The other day (as I write this, weeks before you read it), I was having a conversation about the importance of failure — the idea that it’s not only okay to fail at things sometimes, it’s probably necessary on some deep, inexplicable emotional level.
This was treated with no small amount of cynicism by the person I was talking to, and I get it: failure is meant to be a bad thing, and certainly isn’t the goal of any particular enterprise, especially in the early days. Moreover, I can remember surprisingly clearly how strongly I felt about the idea of failing at something when I was younger: how scary it felt, how overwhelming and horrifying the very concept of people seeing me not do the thing I set out to was at the time. How could I face them if they knew how badly I fucked up? I’d ask myself, mortified at even considering the possibility.
Since those days, I’ve failed at a lot of things, professionally and personally. I’ve screwed up, and I’ve been screwed up by others; it’s been difficult and awkward and, sure, utterly embarrassing at times, too; I’ve dealt with a lot of it badly, and with less grace and goodwill than I’d have liked, looking back, in many cases, too, to my regret… but I can’t deny that a bunch of those failures have been for the best, in the long run.
Not in the, “every failure was a step on the path here” way, exactly — but also that, as cliche as it is — but in the sense of, it’s good to learn your limits and find out what you can’t do as well as what you can. It’s worthwhile to step out of the wreckage and go, “Well, I’m never doing that again,” and know exactly why.
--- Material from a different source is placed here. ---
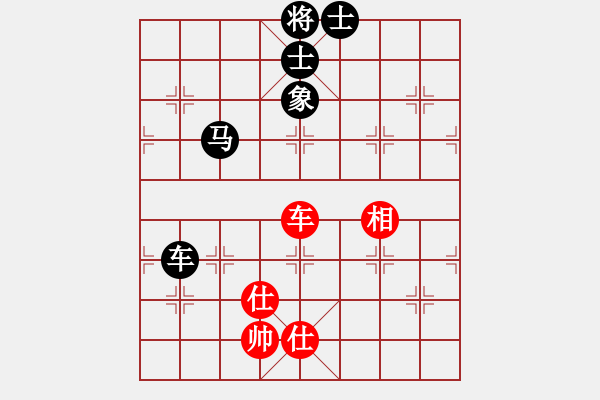 象棋棋譜圖片：2016-0515(5)騰悅帥五進(jìn)一隊(duì)第二臺(tái)管慶均先對(duì)啟泰名揚(yáng)隊(duì)第二臺(tái)劉國(guó)華 - 步數(shù)：150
There’s value in fucking up and learning from your mistakes, even if sometimes the real lesson is that someone else is a real dick.
I’m not sure how much of this translated to the person I was talking to, or how much they realized that (a) they’ve failed at something and that’s fine as long as they accept it, and (b) it’s better to fail and move on than pull everything down around them in an attempt to disguise the failure from themselves and others. I know that the me of even a decade ago might not have been ready to accept that. Nonetheless: sometimes it’s good to give in and admit that you made a trash fire.